Mishra's Workshop is kind of a fairer version of Tolarian Academy. It only works well in artifact heavy decks but doesn't scale quite as well nor offer the most useful form of mana. Even so, 3 on one land is absurd and leads to really swingy openers. Without other unfair cards like Black Lotus, Sol Ring and an abundance of moxen Workshop is left alone as an easy and overpowered ramp land and is less unfair than when a cube is powered. As such I think it needs to be grouped with the power and only included in a cube if the rest is.



TaigaThe original dual lands have no drawback other than to certain hosers which don't really have a place in cubes any ways. There is not much to say about them as they are so plain and simple. Appreciating how good these cards are is down to understanding the importance of being able to cast what is in your hand, it goes to a basic understanding of the magic mechanics. Rather than being good themselves dual lands make all your other cards better and they do this without costing you a card slot. The original duals don't even cost you life or tempo.

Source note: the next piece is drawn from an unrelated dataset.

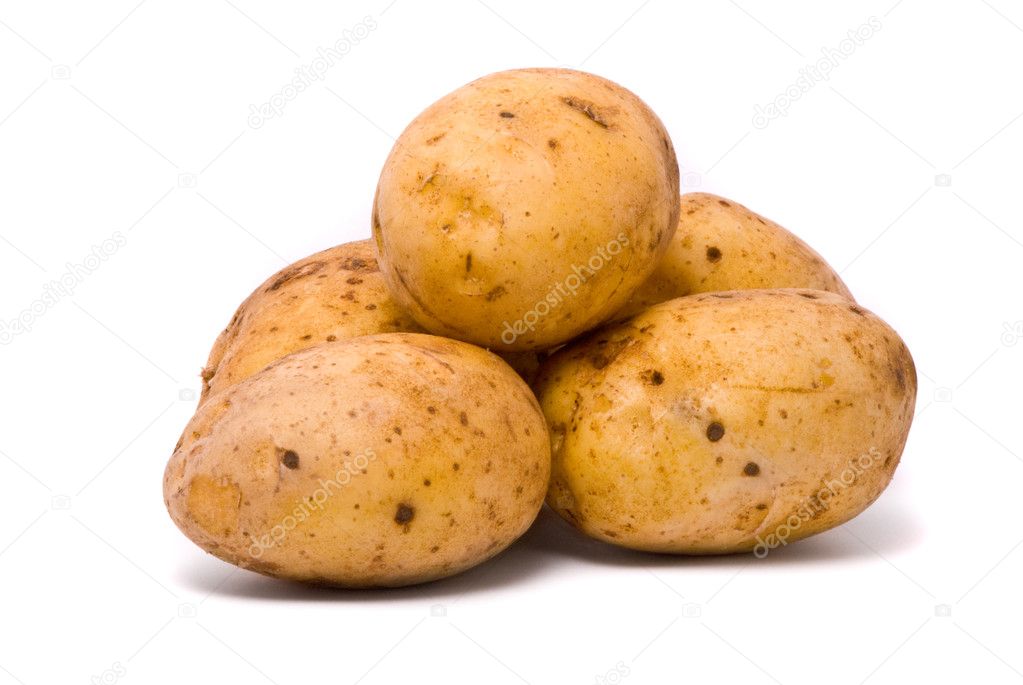 Potatoes on studio white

The dual man lands are not great duals as they go, nor are they the most exciting of threats however they are both of these things, and as previously mentioned, they do this without costing you any card slots at all. This cycle has almost single handedly made sorcery speed removal un-viable to be relied on for the control player. The shock lands are the backup for the original duals, the cost is very minor and often avoidable due to the kind optional nature of the cards. They are clearly worse but not by a significant amount. Wastelands is the fair version of Stripmine that only punishes those who are greedy with their lands and colours. It suffers some of the same problems as Stripmine but is far easier to play around.

Celestial Colonnade
Ancient Tomb is a fair land within the cube, it taps for two which is fantastic and just what some decks need yet the drawback keeps it in check. It is reliable and explosive but scales down in power as the game progresses rather than Academy which goes up or Workshop which stays the same roughly. The artifact lands are fantastic enablers working with affinity, metalcraft, Tinker, Goblin Welder, Trinket Mage and many other good things. They are slightly more vulnerable than normal lands but otherwise have no typical drawbacks for lands with bonuses. They wind up in a lot of decks serving a lot of different purposes. Lake of the Dead is one of my personal favourite ramp lands and is one of the more powerful cube cards to still be under the radar as it were.  You can get 5 mana on turn two without anything more fancy than another swamp! The cost of this mana boost is steep but easily recoverable in black. The set back is also less damaging than you might imagine, should you lay it on turn three and use it every turn there after and compare that to someone just making swamps and using all their mana every turn it would take till turn 8 before the swamp only player had made more mana.


Lake of the Dead
Treetop Village is the best man land being robust, powerful and cheap to use. Faerie Conclave is decent but a little vulnerable and slow and the rest of the cycle are pretty weak.Village is not however a mana fixer as well and so is still weaker than the average dual man land. Karakas is a card I used to have banned as it reads "bounce a legend" which was rather over powered against lands making things like Pendlehaven and Urborg, Tomb of Yawgmoth unplayable, it also made it very hard to kill as it could bounce itself. Using the oracle rules to only bounce legendary dorks makes it much fairer but still powerful to the point of making legends very weak in the cube (compounded by the blue clone effects). While it can do nothing for you it is still a coloured land with no real drawbacks beyond a vulnerability to Wastelands.